= Yendi Senior High School =

Coeducational secondary school in Northern Region, Ghana

Yendi Senior High School (YESS) is a category B coeducational secondary school in Yendi in the Northern Region of Ghana. The school was established in 1970, first as a middle-boarding school to enable access to basic education for communities in the Eastern Corridor enclave, before being upgraded in September of the same year to the status of a secondary school. For the first academic year, the school had only a total student population of 77, with 70 boys and seven girls. The first headmaster of the school was Cletus Bernard Teviu. He headed the school for nearly a decade, spanning between 1970 and 1979, and one of the hostels in the school has been named in his honour.

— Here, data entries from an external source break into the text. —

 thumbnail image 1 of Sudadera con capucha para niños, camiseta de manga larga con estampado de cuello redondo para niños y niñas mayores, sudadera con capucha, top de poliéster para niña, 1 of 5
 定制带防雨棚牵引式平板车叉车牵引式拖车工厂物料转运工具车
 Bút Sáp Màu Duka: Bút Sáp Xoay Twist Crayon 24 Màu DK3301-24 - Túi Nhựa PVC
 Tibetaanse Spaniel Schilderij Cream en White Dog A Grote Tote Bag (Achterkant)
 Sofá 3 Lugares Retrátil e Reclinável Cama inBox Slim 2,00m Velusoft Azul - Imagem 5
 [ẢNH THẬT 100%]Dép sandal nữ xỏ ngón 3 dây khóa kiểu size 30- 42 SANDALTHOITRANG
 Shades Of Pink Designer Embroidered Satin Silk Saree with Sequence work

In the year 2020 when the school celebrated its 50th anniversary, the total student population was 2,724 and the number of teachers was 121. The school operates as a boarding school, but few students attend as day students. It is ranked the 274th on the national level, 7th on the regional level and 1st on the district level.

==History==
As of 2016, the school had a girls' dormitory with 500 students.

In 2018, Alhaji Faruok Aliu Mahama donated GH¢ 10,000.00 to the school for a water project.

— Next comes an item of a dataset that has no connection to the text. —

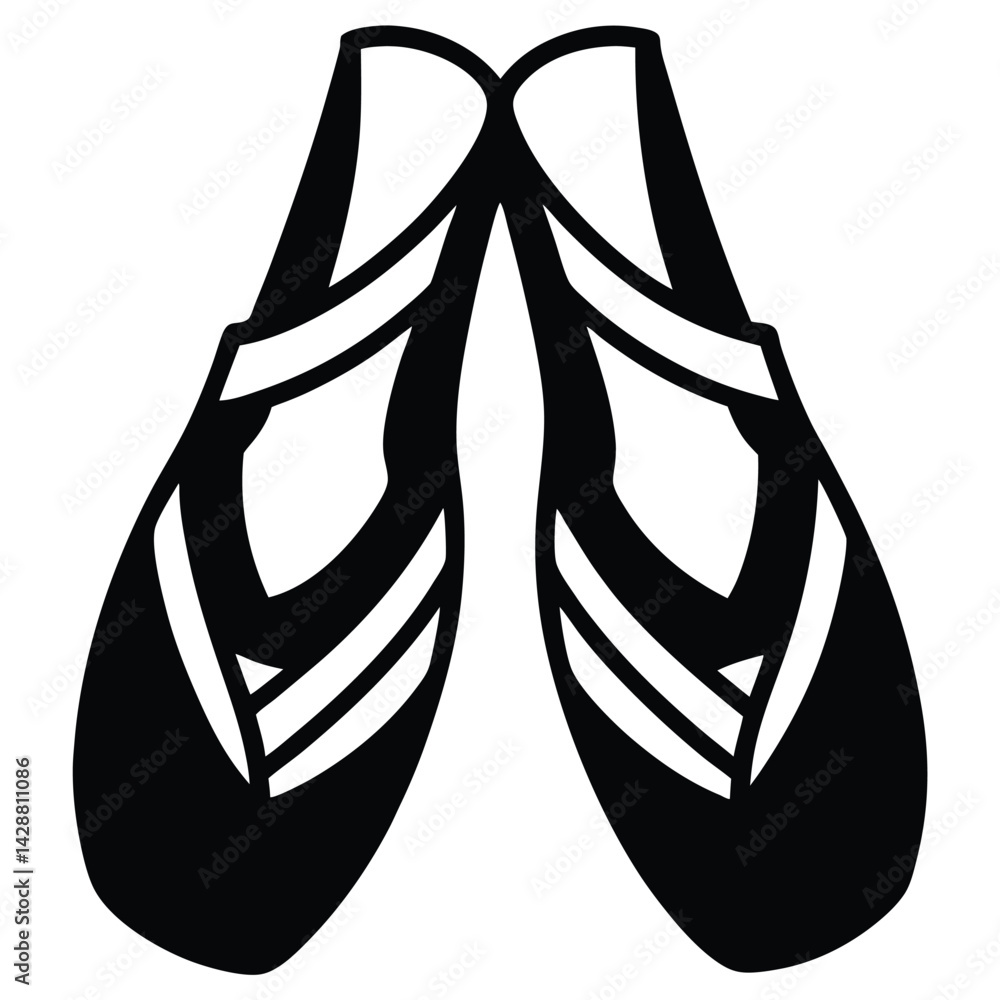 Poster isolated black vector dancer using element pointe shoes with white background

The Jubilee Park at the school was used in January 2019 as part of the coronation process for Yaa Naa Abubakari Mahama as king of Dagbon.

== Courses ==
YESS offers a lot of courses. Below are the courses offered;

- Business
- Home Economics
- General Science
- General Arts
- Agriculture

== Extra Curricular Activities ==

- Sports Activities
- School clubs and Societies

== Vision ==
To be a training center for students seeking higher education and provide the needed manpower for national development.

== Mission ==
To bring education to the doorsteps of every Ghanaian child.